3. I don't really understand what the transaction does? Does it just keep everything in cache and wait to write to disk until you commit? I understand how this would help with multiple INSERTs but is that useful with multiple SELECT queries?

ChrisW67
3rd November 2014, 20:20
There are no transactions around select queries, only queries that modify data. The transaction logging is used by Sqlite (or any similar RDBMS) to maintain a consistent set of data files in the face of multiple users and possible abnormal termination. When a transaction is committed the pending changes will be permanently written to the main data file on disk before control is returned. Sqlite uses temporary files to track transactions in progress.

I do not know if there is one cache or many ... but you should not need to know. The cache exists to minimise the need to read recently used data from disk by keeping the most recently used blocks in memory. The Sqlite cache content is managed internally. If you have huge tables and do operations that read them completely (e.g. Select max(blah) from foo; with no indexes) then no cache smaller than the table will help much.

enricong
3rd November 2014, 23:31
Well, I have lots of large txt files that I need to parse.
I'm thinking that if I parse it once and save it to a database file, then it will be faster to read the database file in future runs of the program instead of reparsing the txt file. I can also delete the large txt files.

So I'm inserting data into database files (with a large cache).
Then attaching them to a memory database to do processing.

So on that first run, when the data should all be in cache, when I do the attach and read the database via the memory database, does that read from memory or from the disk?

my database structure is like:
id INTEGER
range INTEGER
group1 INTEGER
value REAL

I create an index (id, degrees, group)

When I read, I do a :
SELECT DISTINCT id

then for each id,
SELECT SUM(value) FROM database WHERE group=x AND id=id AND (range > y AND range < z)

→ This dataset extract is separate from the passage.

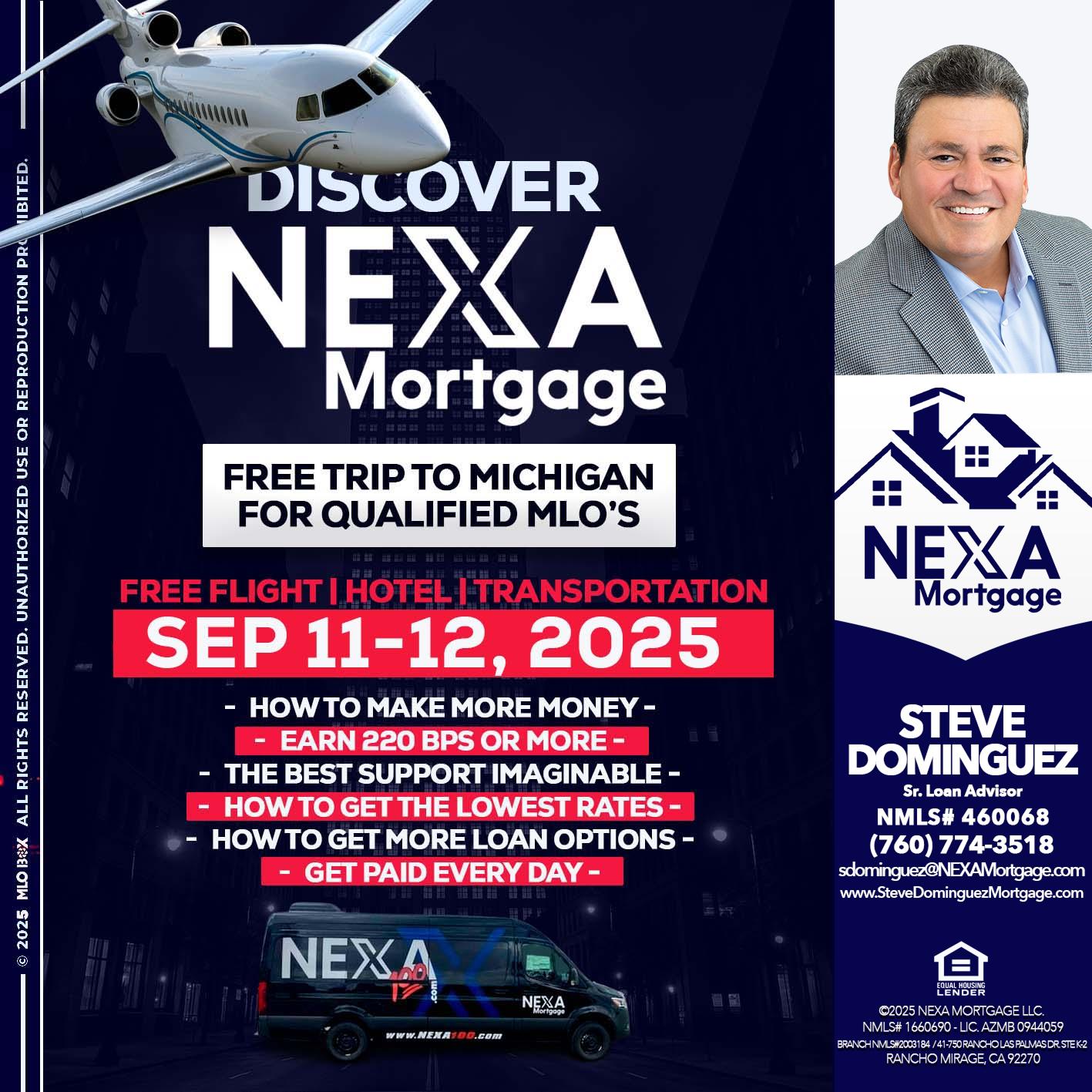 DISCOVER NEXA MORTGAGE - Steve Dominguez -Senior Loan Advisor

The table has about 400000 rows
That are about 200 distinct ids and Four groups so 800 select sum queries that I then manually average
It is summing about 500 numbers each time although this can vary between 0 and 2000
Every select query will read different data.
this select query takes about 40ms
so total about 4 seconds.

Lesiok
4th November 2014, 07:53
For this two queries You should have two indexes : first (id) and second (group,id).

enricong
4th November 2014, 12:32
I just remembered the "Group By" sql argument.
so I think I can just do:
SELECT SUM(value) FROM database WHERE group=x AND (range > y AND range < z) GROUP BY id

Lesiok
4th November 2014, 13:24
I just remembered the "Group By" sql argument.
so I think I can just do:
SELECT SUM(value) FROM database WHERE group=x AND (range > y AND range < z) GROUP BY id
Of course but I think that it should looks like :

SELECT id, SUM(value) FROM database WHERE group=x AND (range > y AND range < z) GROUP BY idWithout it you will not know what is the id of the sum.

wysota
4th November 2014, 13:25
Could you please take your queries, launch an sqlite console against your database and execute each query prepending it with "EXPLAIN QUERY PLAN"? E.g. modify a "SELECT SUM(value) FROM database WHERE group=x AND (range > y AND range < z) GROUP BY id" to become "EXPLAIN QUERY PLAN SELECT SUM(value) FROM database WHERE group=x AND (range > y AND range < z) GROUP BY id". Paste the results here, please.

enricong
5th November 2014, 01:53
Yes, I forgot the id when I typed up that message

I get the following with explain:
SCAN TABLE database
USE TEMP B-TREE FOR GROUP BY


This now runs in about 80ms so about 400X faster.
Typically, I need to do this about 32 times. Over all the user is waiting about 10-15 seconds so its slowing down elsewhere.
Ideally, I'd like an instant response but I think it's acceptable right now.

wysota
5th November 2014, 08:01
If you get a table scan then you are missing an index on the field from WHERE clause (likely 'group' column in your case).

enricong
6th November 2014, 12:19
I had a bug where I was creating the index. now its about 50% faster down to about 30-40ms from 80.